What the task requires. Only one span of the listing below is wanted: the lines from the one with "K3311229-Black-billed Magpie.jpg" through the one with "Chrysant Spr. Celebrate", reproduced exactly, both ends kept.

──────────

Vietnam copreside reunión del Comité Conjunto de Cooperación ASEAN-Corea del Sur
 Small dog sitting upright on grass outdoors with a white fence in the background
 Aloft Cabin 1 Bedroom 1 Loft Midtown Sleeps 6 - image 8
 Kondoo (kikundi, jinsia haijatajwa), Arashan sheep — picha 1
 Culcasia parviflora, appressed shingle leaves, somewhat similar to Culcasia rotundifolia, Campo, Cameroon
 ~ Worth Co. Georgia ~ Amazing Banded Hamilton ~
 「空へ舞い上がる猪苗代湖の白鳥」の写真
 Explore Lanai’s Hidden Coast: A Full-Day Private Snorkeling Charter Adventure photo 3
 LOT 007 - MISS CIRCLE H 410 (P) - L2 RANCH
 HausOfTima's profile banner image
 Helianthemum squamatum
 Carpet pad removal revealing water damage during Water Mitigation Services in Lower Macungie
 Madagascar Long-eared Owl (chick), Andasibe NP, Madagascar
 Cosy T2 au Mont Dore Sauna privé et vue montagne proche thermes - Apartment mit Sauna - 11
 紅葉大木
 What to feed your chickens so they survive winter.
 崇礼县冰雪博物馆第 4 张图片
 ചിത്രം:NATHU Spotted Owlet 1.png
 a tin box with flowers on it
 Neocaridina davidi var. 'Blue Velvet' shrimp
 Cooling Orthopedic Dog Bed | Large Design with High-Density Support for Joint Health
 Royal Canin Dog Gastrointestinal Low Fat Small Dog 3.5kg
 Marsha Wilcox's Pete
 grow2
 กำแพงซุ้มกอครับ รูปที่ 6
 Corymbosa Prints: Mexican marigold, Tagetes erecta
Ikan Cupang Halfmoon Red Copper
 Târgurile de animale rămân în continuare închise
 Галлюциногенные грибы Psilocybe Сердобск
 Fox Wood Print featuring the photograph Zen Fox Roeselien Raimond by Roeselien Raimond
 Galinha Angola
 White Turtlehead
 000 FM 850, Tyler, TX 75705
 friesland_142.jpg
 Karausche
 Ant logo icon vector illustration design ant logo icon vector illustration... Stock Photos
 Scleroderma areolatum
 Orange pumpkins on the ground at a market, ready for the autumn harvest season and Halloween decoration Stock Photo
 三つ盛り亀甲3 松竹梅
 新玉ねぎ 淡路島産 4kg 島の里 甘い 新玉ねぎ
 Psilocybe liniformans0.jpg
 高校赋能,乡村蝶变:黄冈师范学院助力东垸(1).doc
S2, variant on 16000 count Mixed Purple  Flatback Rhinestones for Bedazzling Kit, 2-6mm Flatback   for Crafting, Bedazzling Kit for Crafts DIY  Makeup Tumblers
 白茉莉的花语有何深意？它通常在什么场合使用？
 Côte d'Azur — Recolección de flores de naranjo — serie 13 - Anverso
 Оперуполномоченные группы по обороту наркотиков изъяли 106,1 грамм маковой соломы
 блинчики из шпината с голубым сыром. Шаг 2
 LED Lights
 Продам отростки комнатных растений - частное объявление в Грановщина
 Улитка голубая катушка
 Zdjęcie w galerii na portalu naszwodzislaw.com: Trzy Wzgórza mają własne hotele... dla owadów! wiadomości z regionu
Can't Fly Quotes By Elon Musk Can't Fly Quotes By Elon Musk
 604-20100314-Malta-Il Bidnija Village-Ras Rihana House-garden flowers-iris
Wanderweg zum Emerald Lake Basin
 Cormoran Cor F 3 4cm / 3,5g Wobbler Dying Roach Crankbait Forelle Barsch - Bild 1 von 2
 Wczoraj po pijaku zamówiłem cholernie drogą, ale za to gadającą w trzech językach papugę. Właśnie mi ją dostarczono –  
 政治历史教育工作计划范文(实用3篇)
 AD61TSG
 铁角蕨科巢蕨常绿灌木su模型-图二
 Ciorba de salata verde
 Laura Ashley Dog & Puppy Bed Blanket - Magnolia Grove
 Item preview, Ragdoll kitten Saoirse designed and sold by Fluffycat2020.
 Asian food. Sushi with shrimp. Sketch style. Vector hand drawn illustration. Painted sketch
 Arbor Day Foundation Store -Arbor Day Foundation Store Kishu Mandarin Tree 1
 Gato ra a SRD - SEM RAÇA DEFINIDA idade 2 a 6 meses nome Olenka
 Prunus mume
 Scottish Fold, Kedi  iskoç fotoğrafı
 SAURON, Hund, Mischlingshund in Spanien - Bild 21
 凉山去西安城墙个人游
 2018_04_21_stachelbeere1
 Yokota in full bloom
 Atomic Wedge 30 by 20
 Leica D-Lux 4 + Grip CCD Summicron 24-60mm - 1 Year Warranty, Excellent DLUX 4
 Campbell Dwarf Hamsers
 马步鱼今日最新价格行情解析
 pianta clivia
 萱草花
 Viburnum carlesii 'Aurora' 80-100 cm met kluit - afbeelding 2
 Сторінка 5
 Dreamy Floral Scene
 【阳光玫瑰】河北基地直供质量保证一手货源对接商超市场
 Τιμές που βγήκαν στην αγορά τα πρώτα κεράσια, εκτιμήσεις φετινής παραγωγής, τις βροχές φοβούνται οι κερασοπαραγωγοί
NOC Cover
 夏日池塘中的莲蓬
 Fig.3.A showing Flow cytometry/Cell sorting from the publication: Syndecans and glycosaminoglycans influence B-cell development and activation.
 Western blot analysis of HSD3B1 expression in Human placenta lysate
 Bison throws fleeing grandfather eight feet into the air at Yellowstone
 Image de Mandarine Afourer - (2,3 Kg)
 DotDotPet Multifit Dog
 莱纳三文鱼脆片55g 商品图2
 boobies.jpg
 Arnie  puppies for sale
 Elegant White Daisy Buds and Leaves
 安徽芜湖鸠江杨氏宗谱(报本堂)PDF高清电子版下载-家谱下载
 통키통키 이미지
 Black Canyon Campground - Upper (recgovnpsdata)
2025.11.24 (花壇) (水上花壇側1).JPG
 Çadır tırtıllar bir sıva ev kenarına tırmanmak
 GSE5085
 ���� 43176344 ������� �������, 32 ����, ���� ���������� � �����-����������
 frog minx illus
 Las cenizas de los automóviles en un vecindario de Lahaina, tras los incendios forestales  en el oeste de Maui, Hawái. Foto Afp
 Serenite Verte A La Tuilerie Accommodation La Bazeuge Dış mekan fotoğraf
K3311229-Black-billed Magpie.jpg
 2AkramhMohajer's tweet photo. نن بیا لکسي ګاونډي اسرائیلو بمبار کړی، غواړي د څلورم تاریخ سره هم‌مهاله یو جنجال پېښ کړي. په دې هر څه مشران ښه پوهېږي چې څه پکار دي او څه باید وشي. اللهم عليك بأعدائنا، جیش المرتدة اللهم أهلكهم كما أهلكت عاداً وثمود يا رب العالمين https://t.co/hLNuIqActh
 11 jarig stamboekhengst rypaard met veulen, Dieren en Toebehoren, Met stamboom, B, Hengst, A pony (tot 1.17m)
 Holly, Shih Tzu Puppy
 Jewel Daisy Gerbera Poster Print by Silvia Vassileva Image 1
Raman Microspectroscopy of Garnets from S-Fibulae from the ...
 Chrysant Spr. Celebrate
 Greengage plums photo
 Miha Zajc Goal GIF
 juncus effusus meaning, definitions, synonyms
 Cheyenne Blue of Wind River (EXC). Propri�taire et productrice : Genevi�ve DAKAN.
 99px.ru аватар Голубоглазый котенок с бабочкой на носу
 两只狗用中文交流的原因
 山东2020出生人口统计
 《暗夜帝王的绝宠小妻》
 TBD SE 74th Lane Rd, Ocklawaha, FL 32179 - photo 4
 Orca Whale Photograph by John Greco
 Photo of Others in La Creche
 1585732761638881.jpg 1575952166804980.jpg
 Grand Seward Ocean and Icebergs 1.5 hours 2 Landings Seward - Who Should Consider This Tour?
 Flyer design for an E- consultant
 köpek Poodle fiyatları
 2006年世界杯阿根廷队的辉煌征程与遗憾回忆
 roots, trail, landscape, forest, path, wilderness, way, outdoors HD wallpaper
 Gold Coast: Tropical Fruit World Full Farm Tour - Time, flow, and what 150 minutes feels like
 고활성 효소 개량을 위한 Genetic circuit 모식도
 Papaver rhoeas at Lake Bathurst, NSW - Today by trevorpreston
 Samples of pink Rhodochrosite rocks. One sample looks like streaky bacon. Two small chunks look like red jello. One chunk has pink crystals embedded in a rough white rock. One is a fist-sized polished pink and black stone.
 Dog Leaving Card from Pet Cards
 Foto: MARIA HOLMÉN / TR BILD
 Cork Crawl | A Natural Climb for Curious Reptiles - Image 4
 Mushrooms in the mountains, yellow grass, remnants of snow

──────────

Result for this task.
K3311229-Black-billed Magpie.jpg
 2AkramhMohajer's tweet photo. نن بیا لکسي ګاونډي اسرائیلو بمبار کړی، غواړي د څلورم تاریخ سره هم‌مهاله یو جنجال پېښ کړي. په دې هر څه مشران ښه پوهېږي چې څه پکار دي او څه باید وشي. اللهم عليك بأعدائنا، جیش المرتدة اللهم أهلكهم كما أهلكت عاداً وثمود يا رب العالمين https://t.co/hLNuIqActh
 11 jarig stamboekhengst rypaard met veulen, Dieren en Toebehoren, Met stamboom, B, Hengst, A pony (tot 1.17m)
 Holly, Shih Tzu Puppy
 Jewel Daisy Gerbera Poster Print by Silvia Vassileva Image 1
Raman Microspectroscopy of Garnets from S-Fibulae from the ...
 Chrysant Spr. Celebrate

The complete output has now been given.